Con la verdad por delante, no con falsas ilusiones, la vuelta de vacaciones no sólo no nos conduce a la tristeza y hasta la desesperación, especialmente a los que más están sufriendo la crisis, sino que la alegría y el entusiasmo, para quien no tiene separada la fe de la vida, siguen intactos, y desde nuestras páginas de Alfa y Omega no vamos a dejar de transmitir. En la citada Carta de convocatoria del Año de la fe, el Papa se suma a los sentimientos de su predecesor acerca del Vaticano II, que al concluir el Jubileo del año 2000, en su Carta Novo millennio ineunte, afirmaba: «¡Cuánta riqueza en las orientaciones que nos dio el Concilio Vaticano II!». Y Benedicto XVI retoma las palabras que Juan Pablo II decía a continuación: «A medida que pasan los años, aquellos textos no pierden su valor ni su esplendor. Es necesario leerlos de manera apropiada y que sean conocidos y asimilados como textos cualificados y normativos del Magisterio, dentro de la tradición de la Iglesia… Siento más que nunca el deber de indicar el Concilio como la gran gracia de la que la Iglesia se ha beneficiado en el siglo XX. Con el Concilio se nos ha ofrecido una brújula segura para orientarnos en el camino del siglo que comienza». Es la brújula de la fe, ciertamente, la única hoja de ruta capaz de llevar a los hombres la única verdadera esperanza.

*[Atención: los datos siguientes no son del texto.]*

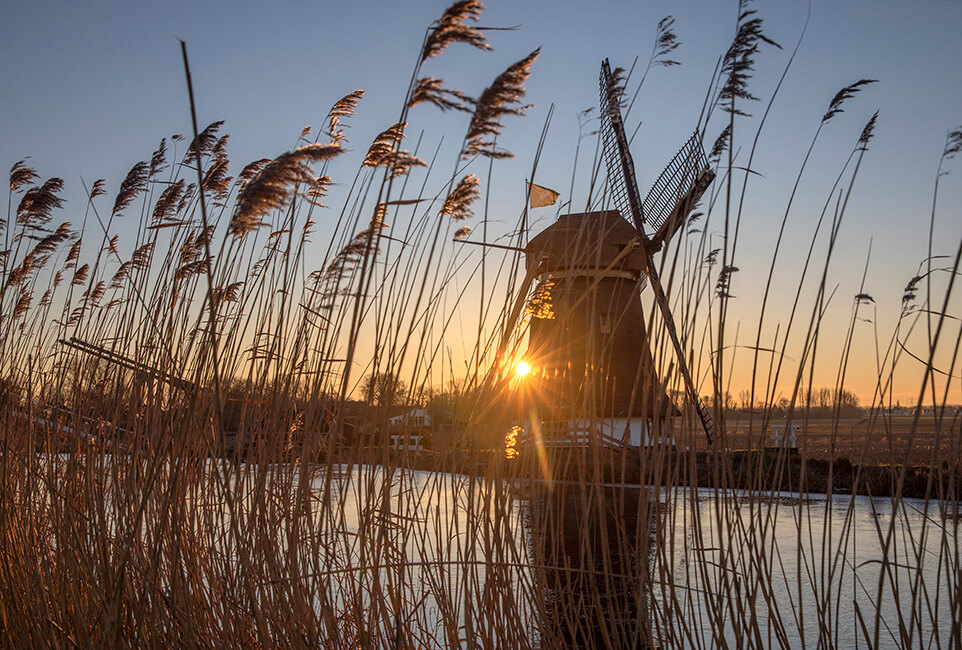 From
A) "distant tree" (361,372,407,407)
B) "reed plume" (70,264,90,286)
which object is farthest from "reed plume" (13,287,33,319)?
"distant tree" (361,372,407,407)

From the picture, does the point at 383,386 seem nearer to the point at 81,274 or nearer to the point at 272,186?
the point at 272,186

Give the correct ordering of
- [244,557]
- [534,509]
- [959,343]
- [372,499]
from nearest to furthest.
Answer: [959,343] → [244,557] → [372,499] → [534,509]

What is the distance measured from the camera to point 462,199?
1958mm

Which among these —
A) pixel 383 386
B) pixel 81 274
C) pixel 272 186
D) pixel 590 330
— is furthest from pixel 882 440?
pixel 81 274

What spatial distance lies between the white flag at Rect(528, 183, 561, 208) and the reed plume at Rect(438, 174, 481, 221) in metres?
0.15

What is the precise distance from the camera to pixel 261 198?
1.28 meters

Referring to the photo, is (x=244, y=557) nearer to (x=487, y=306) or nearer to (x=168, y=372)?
(x=487, y=306)

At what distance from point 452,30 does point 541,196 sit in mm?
891

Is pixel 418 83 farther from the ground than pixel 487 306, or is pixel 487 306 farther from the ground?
pixel 418 83

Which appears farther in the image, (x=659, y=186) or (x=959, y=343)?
(x=659, y=186)

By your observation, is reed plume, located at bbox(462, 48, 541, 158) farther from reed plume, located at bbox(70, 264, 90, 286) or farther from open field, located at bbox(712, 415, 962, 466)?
reed plume, located at bbox(70, 264, 90, 286)

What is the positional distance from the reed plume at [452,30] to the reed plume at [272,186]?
0.28 m

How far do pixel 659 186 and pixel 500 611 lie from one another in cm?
994

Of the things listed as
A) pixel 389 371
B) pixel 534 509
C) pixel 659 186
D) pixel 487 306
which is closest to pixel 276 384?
pixel 389 371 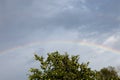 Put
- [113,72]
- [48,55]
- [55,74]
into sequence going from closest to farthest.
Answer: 1. [55,74]
2. [48,55]
3. [113,72]

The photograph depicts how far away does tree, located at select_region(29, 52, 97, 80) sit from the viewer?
3703 cm

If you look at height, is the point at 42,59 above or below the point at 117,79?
above

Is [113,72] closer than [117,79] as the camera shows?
No

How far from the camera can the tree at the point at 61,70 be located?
37031 mm

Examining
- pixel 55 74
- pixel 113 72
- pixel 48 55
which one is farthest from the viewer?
pixel 113 72

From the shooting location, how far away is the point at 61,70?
37438mm

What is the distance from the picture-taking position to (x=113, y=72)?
8819 centimetres

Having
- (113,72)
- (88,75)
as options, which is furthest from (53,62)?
(113,72)

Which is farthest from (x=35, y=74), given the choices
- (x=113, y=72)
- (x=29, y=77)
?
(x=113, y=72)

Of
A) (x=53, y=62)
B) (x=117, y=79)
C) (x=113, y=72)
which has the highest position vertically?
(x=113, y=72)

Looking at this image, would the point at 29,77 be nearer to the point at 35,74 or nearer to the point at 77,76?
the point at 35,74

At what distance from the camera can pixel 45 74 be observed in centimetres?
3747

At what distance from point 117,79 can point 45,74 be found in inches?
381

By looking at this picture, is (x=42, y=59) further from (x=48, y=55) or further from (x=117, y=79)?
(x=117, y=79) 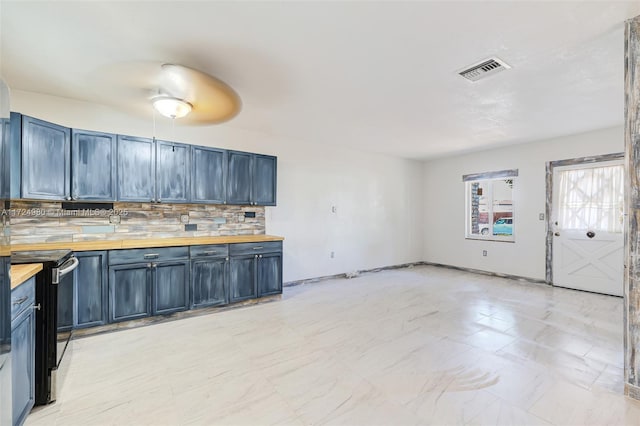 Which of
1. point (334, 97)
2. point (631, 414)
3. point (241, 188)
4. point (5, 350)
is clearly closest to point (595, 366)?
point (631, 414)

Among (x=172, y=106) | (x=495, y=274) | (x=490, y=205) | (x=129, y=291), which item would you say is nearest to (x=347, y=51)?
(x=172, y=106)

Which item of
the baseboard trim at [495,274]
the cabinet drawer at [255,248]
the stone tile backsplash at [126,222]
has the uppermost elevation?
the stone tile backsplash at [126,222]

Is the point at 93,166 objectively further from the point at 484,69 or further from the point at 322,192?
the point at 484,69

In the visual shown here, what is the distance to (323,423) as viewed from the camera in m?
1.67

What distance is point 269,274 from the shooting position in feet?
13.0

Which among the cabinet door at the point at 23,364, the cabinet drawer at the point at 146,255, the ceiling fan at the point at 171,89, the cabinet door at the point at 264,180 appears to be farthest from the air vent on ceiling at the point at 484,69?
the cabinet door at the point at 23,364

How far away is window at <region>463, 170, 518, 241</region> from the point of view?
5.64m

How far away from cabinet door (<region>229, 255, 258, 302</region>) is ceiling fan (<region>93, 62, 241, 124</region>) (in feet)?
6.00

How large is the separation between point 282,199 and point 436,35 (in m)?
3.29

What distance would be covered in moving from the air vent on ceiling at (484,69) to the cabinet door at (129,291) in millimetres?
3836

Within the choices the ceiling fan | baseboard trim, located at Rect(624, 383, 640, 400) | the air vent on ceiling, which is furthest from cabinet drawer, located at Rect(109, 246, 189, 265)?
baseboard trim, located at Rect(624, 383, 640, 400)

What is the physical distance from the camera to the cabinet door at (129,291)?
291cm

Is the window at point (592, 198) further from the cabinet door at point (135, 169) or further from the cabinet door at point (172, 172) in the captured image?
the cabinet door at point (135, 169)

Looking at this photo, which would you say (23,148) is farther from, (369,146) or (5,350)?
(369,146)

Terriblemente perseguida en los tres primeros siglos de su historia y que, no obstante, no sólo sobrevivió, sino que hizo florecer a la sociedad entera, cuando el Imperio romano se desmoronaba, la fe cristiana permanecía viva, y de modo bien significativo en aquellos monjes que se reunían para orar y trabajar: «Ninguno de ellos protestaba —nos ha dejado descrito el Beato cardenal John Henry Newman— y, poco a poco, los bosques pantanosos se fueron convirtiendo en ermita, casa religiosa, granja, abadía, pueblo, seminario, escuela y, por último, en ciudad». ¿Acaso hay otro camino para salir de la crisis que el de la fe de siempre, vivida hoy con renovada alegría y entusiasmo? ¿No se dice, por unos y otros, que la crisis no es sólo económica, sino más honda, moral, de valores, etc.? Mientras no se la llame por su nombre: crisis de fe, difícilmente puede superarse. Pero la fe, claro que sí, sigue viva. Ahí está el testimonio, y la esperanza, que todos hemos podido ver en la JMJ Madrid 2011. Las cosas de la Iglesia, desde luego, no son algo de gente rara, ¡y menos aún algo alejado de la vida real! Son la auténtica ¡realidad!, la única esperanza verdadera de los hombres. ¿No lo avalan ya más de dos milenios?